The London qualifying competition was held in August 2011 in London at Stoke Mandeville, with Rodríguez competing to try to earn Spain one of the twenty qualifying spots on offer. There was no funding for him and other Spanish archers to compete at the London-hosted event because Federación Española de persones con Discapacitad Física refused to prioritize the sport after poor performances by Spanish archers at the previous world championships held in Turin. Funding to attend instead came from regional sports federations. The 9th Toralín Ponferrada Archery Challenge was held in December 2011. It was an indoor shooting event, with adaptive archers competing against able-bodied archers. Rodríguez finished third in the senior men's compound event. Spain had a qualifying competition to determine who would represent the country at the 2012 Games. Participating in the March 2012 qualifying event, he scored 680 and 681.

The 21st edition of the Trofeo Sílex archery competition was held in June 2012. Representing the Ferrol archery club, he finished first in the senior men's compound bow event. Club Arquero Chiclana organized the 2012 Spanish national championships in June 2012. There, Rodríguez finished first in the men's open compound event.

Coached by national team coach Irene Cuesta, Rodríguez competed in archery at the 2012 Summer Paralympics, finishing fourth in the compound bow event. After qualifying for the semi-finals, he had to face American Matt Sutzman. The London heat caused issues with Rodríguez's bow, resulting in shots going "eight to the left". Losing the match, he then met Turkish archer Hanci Dogar in the bronze medal match that he lost. Rodríguez blamed not gaining a medal on the weather and temperature that affected his aluminium bow. His fourth-place finish was the best of all Spanish archers at the 2012 Paralympic Games. Later, upon returning home from London, he was congratulated by Ferrol mayor José Manuel Rey, and the Councillor for Sports Susana Martinez Galdos at a ceremony at Ferrol's townhall.

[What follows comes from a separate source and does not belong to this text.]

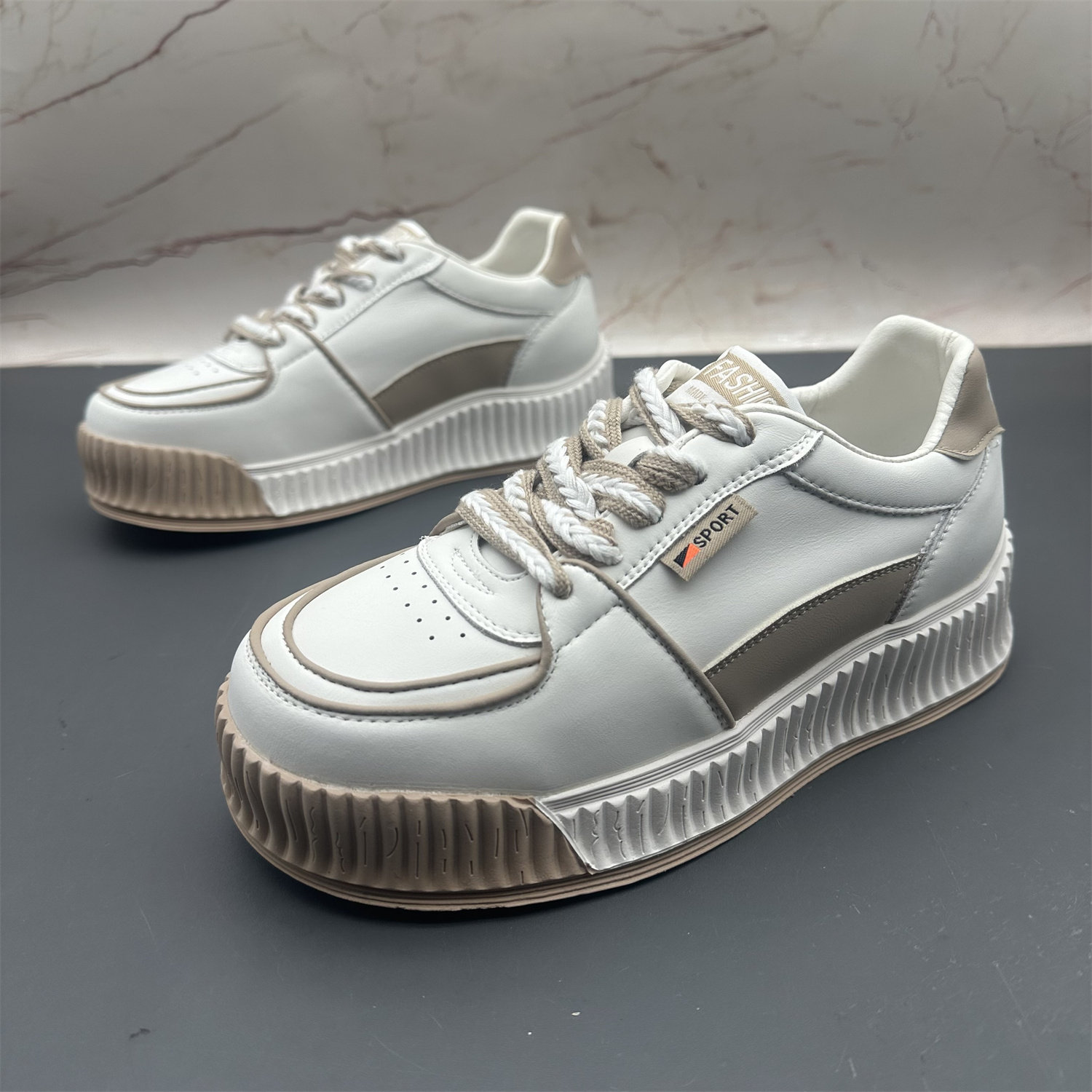 牛皮真皮轻便平底防滑板鞋拼色百搭厚底圆头系带运动休闲单鞋女,女鞋,时尚休闲鞋,淘宝优惠券,粉丝福利购,淘宝优惠卷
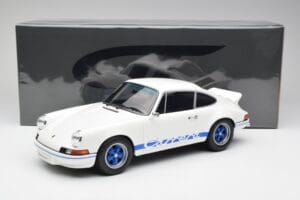 Porsche 911 2.7 RS Grand Prix Branco GT Spirit 1:12 GT921 Resina - imagem 6 de 6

The X Toralin Archery Challenge and III Botillo Trophy took place in November 2012, with Rodríguez participating. Following the merger of the Spanish archery federations for archers with disabilities and those without, a combined national championship was held in February 2013. Rodríguez was one of ten archers with disabilities to take part. A score 571 points in the individual compound bow put him in 23 position, and qualified him for the team event representing Galacia. His team went on to finish in fourth place. In Bangkok in November 2013, he competed in the IPC World Archery Championships. He earned selection to compete in Bangkok following a qualifying event in Spain. He qualified through to the first qualifying round. He finished with a combined score of 679 in qualifying, which placed in eighth overall out of sixty total competitors in his classification. The high placing meant he was put directly into the round of 32, which was a head-to-head shooting category. There he met British shooter Maguire. While ranked above him, Rodríguez lost by one point and did not advance further. In the team competition, where he shot with María Carmen Rubio, the pair first met the team from Thailand.